LOS sentimientos de despedida del hombre, del amigo, se mezclan en estos momentos con el merecido reconocimiento a un artista realmente extraordinario como fue Vicente Larrea Gayarre.

Entre mis recuerdos de niñez y mocedad se encuentra fijada como una auténtica epifanía con el arte, la visita al estudio de Larrea de la calle Sendeja –que lo fuera antes de su padre–, lleno de estructuras de poliespán, blancas y monumentales como las del Partenón, que servían de modelo para las formas que poco después iban a fundirse en hierro, muchas de ellas, además, en aquellos años, en la Fundición Onena de Durango, mi pueblo.
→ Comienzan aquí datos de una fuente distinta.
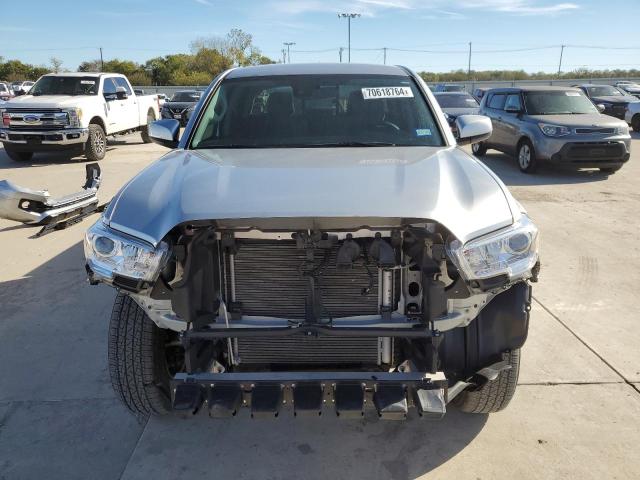 70618764-2023-toyota-tacoma_5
Ese recuerdo se debe a que Vicente Larrea y Lourdes, fueron grandes amigos de mis padres y, con ellos, de nuestro añorado Jesús Astigarraga. No andaría este último muy lejos del encargo del maravilloso monumento a Kirikiño que creó Larrea para la entrada del cementerio de Mañaria, una de las esculturas más bellas de toda su carrera. A este grupo de amigos se debe también la invitación a organizar una de las primeras exposiciones importantes de Larrea, celebrada en las nuevas Salas Municipales de exposiciones de Ezkurdi en Durango en 1973. Más consciente fui de la relación que tuvo Vicente con mi padre en la etapa que compartieron en la Junta del Museo de Bellas Artes de Bilbao a comienzo de los años 80, cuando junto a Patrick Sota y Mari Puri Herrero, entre otros, le dieron literalmente la vuelta a la institución, diseñando un proyecto de modernización en el que nos seguimos inspirando aún hoy.

La relación de Vicente con el museo como artista está presidida también por la generosidad. La extraordinaria representación de su trabajo en nuestra colección se debe en buena parte a la donación que hizo bajo la dirección de su querido y no menos añorado Javier Viar. Obras de su periodo figurativo inicial, las experiencias sobre arte concreto a mediados de los 60 y el amplio y diverso desarrollo de su propuesta formal desde los 70 hasta la actualidad, muestran el conjunto de su tan singular como productiva carrera.

Una de las esculturas que realizó y que se sitúa delante de Euskalduna Jauregia.

Afortunadamente, para Vicente Larrea el museo, su museo, no es un lugar de cautiverio. Su trabajo se expresa con un sentido público gracias a sus numerosas e importantes intervenciones en espacios urbanos. De hecho, si salimos del museo podemos realizar muy cerca un recorrido por la ciudad encontrando ejemplos extraordinarios que ilustran los variados episodios de toda su trayectoria.

Pude despedirme del amigo y del artista visitando la última obra que salió de su estudio para ser fundida, Metamorfosis. Un grandioso bronce hermoseado por la pátina florentina tan de su gusto, que, como dice su nombre, cambiaba de semblante según la rodeabas. Estaba fatigado y dolorido pero conservaba una fuerza interior realmente admirable, una “terribilità” que me llevaba al temblor de aquellas formas que vi una mañana en la Sendeja.